The rotating shelter is a project of the nonprofit Hope for the Homeless Alliance, which worked with churches throughout Harford County, local government agencies, University of Maryland Upper Chesapeake Health, businesses and community organizations to provide nighttime shelter for homeless people from December through March.

The program also provides daytime shelters, transportation, medical support, and places for the guests to do their laundry and take showers.

Beulah expressed his personal thanks and thanks on behalf of the full council "for a job well done."

"Being on the County Council for the last three-and-a-half years, I've just seen so many good people that are willing to volunteer their time," he said.

Len Parrish, director of community and economic development for Harford County, told those in attendance that "we really do thank you for what you've done this winter and continue to do for us."

Churches served as shelters

The rotating shelter had been serving homeless people during cold weather before the 33-bed Welcome One Emergency Shelter opened in Belcamp in 2006. The program was then restarted for the winter of 2016-2017 to support anyone who could not get into Welcome One once its beds were filled.

People could get into the rotating shelter after being screened by the Harford Community Action Agency in Edgewood, the county's primary access point where people in need can obtain services, according to Bonnie Prater, also a coordinator with Hope for the Homeless Alliance.

Prater provided a list of 15 churches that provided winter shelters from 5 p.m. to 8 a.m. Monday through Friday and all day on Sundays. The shelter was at a different church each week.

Participating churches included Presbury United Methodist Church in Edgewood; St. Matthew Lutheran Church in Bel Air; Joppatowne Christian Church; Mt. Zion United Methodist Church in Bel Air; Hopewell United Methodist Church in Havre de Grace; New Hope Baptist Church in Bel Air; Havre de Grace United Methodist Church; St. Paul's Lutheran Church in Aberdeen; Aberdeen Bible Church; Salem United Methodist Church in the Kingsville area; Harford Community Church in Bel Air; Centre United Methodist Church in Forest Hill; Ebenezer United Methodist Church in Fallston; Norrisville United Methodist Church; and Cornerstone Church in Joppa.

New Hope Fellowship Church in Edgewood operated a day shelter from 8:30 a.m. to 4 p.m. on weekdays, and Victorious Faith Fellowship in Forest Hill operated a day shelter on Saturdays. The Epicenter at Edgewood, a community center and the Edgewood campus for Mountain Christian Church in Joppa, partnered with the alliance to provide space for showers on Mondays, Wednesdays and Fridays, according to Prater.

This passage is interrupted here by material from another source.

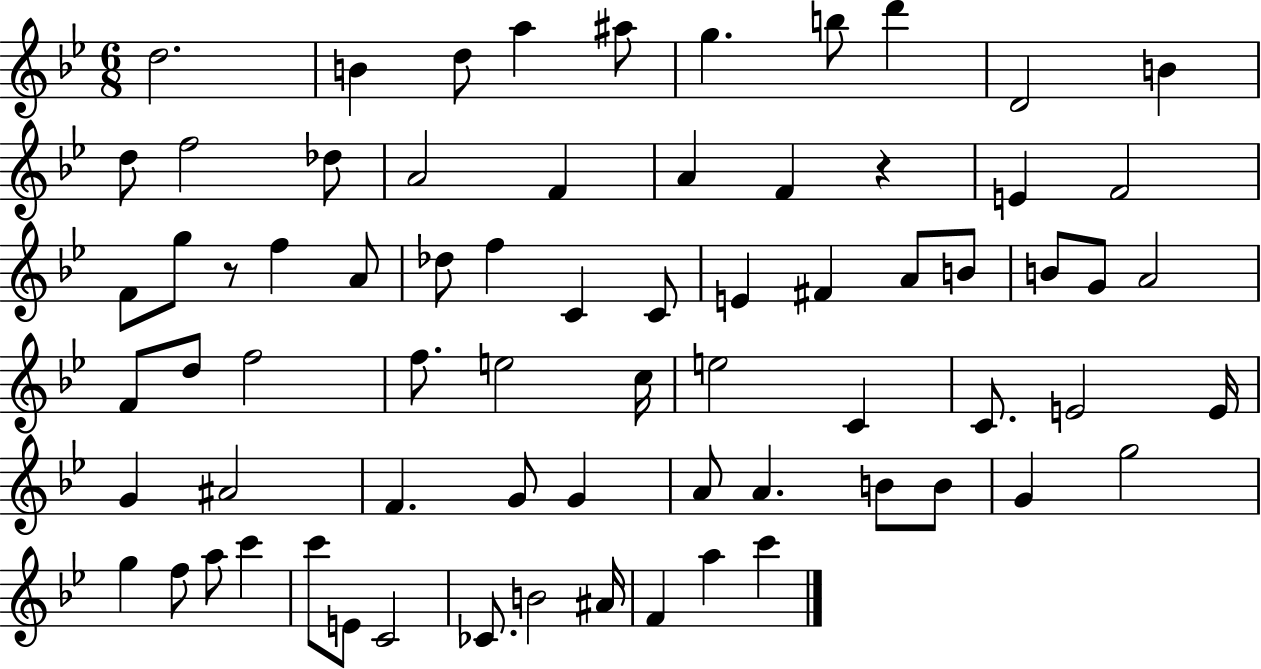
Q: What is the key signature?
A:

The alliance also secured donations to provide items such as laundry vouchers and bus passes. The organization worked with Upper Chesapeake Health to provide security at the night shelters, plus ensure guests who had to go to the hospital left with their prescription medications and had transportation back to the night or day shelters, Prater said.

"That was a godsend this winter, that we had that partnership with the hospital," she said after the luncheon.

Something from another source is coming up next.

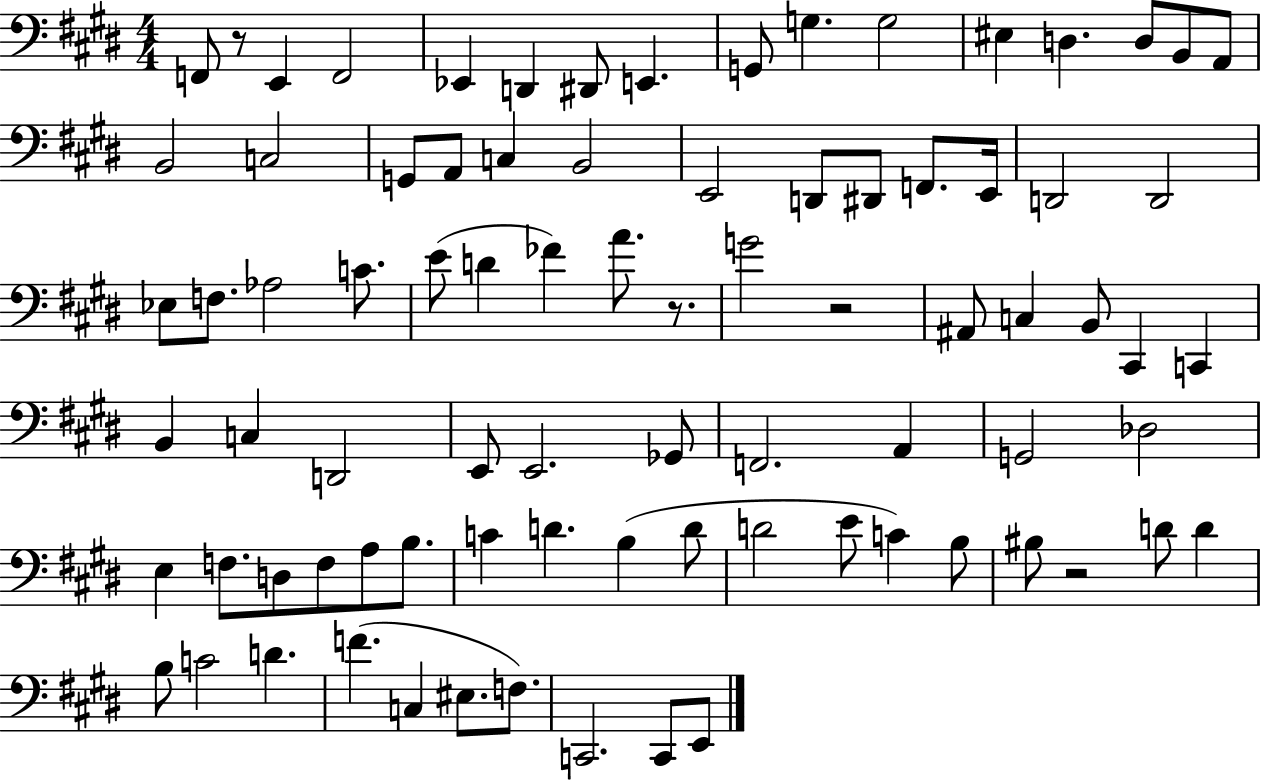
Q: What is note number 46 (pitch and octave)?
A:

Phil Palmere, a security supervisor at Upper Chesapeake Medical Center in Bel Air and the volunteer head of security for the shelters, was among the honorees Monday.

Prater said the security staffers, including staff from the hospital, were paid with funds from the county's Department of Housing and Community Development. That department was merged with the Office of Economic Development earlier this year to create the Office of Community and Economic Development, headed by Parrish.

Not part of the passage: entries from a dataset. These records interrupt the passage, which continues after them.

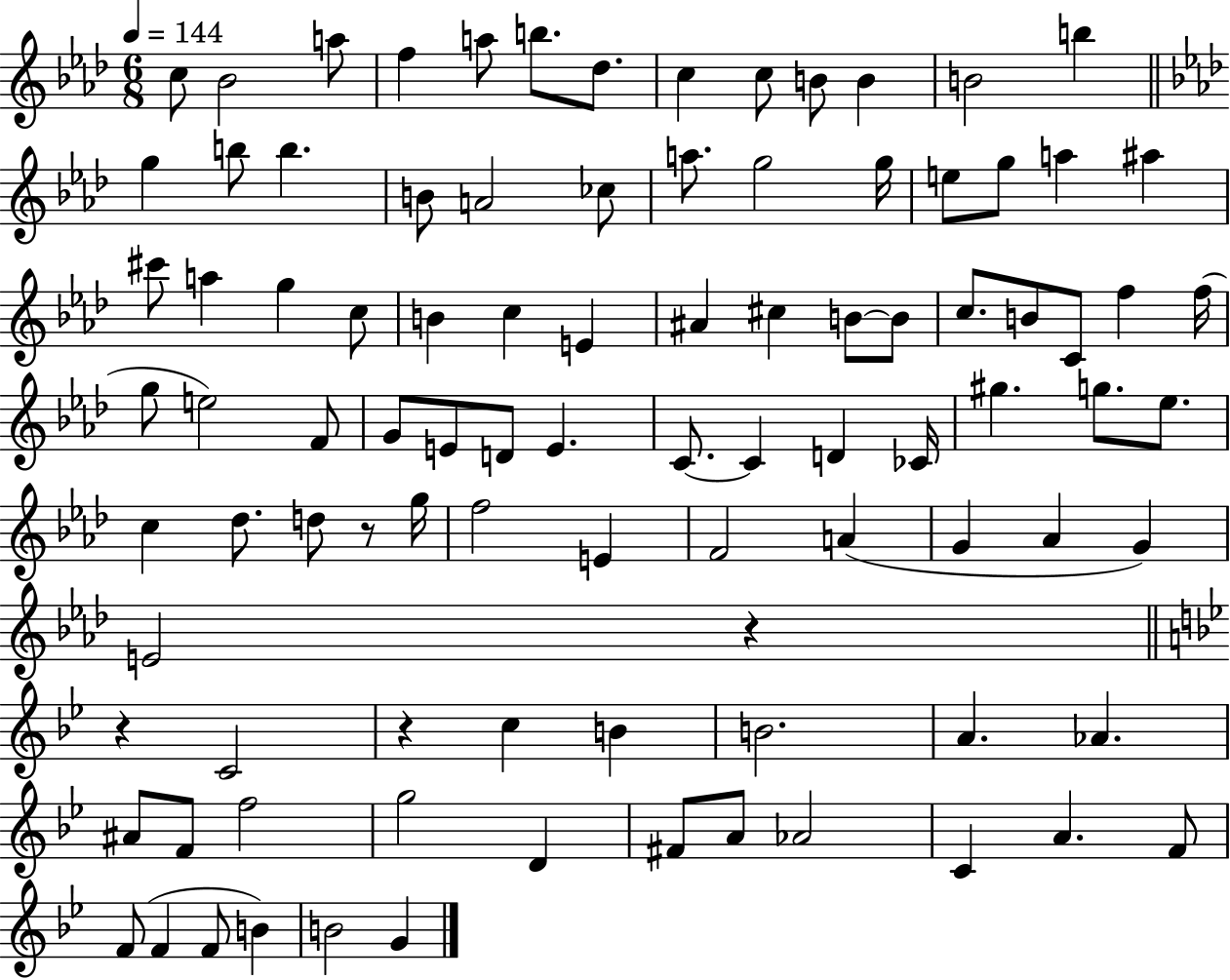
{
  \clef treble
  \numericTimeSignature
  \time 6/8
  \key aes \major
  \tempo 4 = 144
  c''8 bes'2 a''8 | f''4 a''8 b''8. des''8. | c''4 c''8 b'8 b'4 | b'2 b''4 | \break \bar "||" \break \key f \minor g''4 b''8 b''4. | b'8 a'2 ces''8 | a''8. g''2 g''16 | e''8 g''8 a''4 ais''4 | \break cis'''8 a''4 g''4 c''8 | b'4 c''4 e'4 | ais'4 cis''4 b'8~~ b'8 | c''8. b'8 c'8 f''4 f''16( | \break g''8 e''2) f'8 | g'8 e'8 d'8 e'4. | c'8.~~ c'4 d'4 ces'16 | gis''4. g''8. ees''8. | \break c''4 des''8. d''8 r8 g''16 | f''2 e'4 | f'2 a'4( | g'4 aes'4 g'4) | \break e'2 r4 | \bar "||" \break \key bes \major r4 c'2 | r4 c''4 b'4 | b'2. | a'4. aes'4. | \break ais'8 f'8 f''2 | g''2 d'4 | fis'8 a'8 aes'2 | c'4 a'4. f'8 | \break f'8( f'4 f'8 b'4) | b'2 g'4 | \bar "|."
}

Palmere said security staff screened guests before they entered the shelter, and they were on hand through the night.

"It made those who needed the shelter more comfortable knowing that security staff was on board and that they were trained security staff," he said.

Anyone who wants to support the rotating shelter with donations can mail a check to: Community Foundation of Harford County, P.O. Box 612, Bel Air, MD 21014. Donors should write "Community Foundation of Harford County with HCHHA," or Harford County Hope for the Homeless Alliance, on the memo line.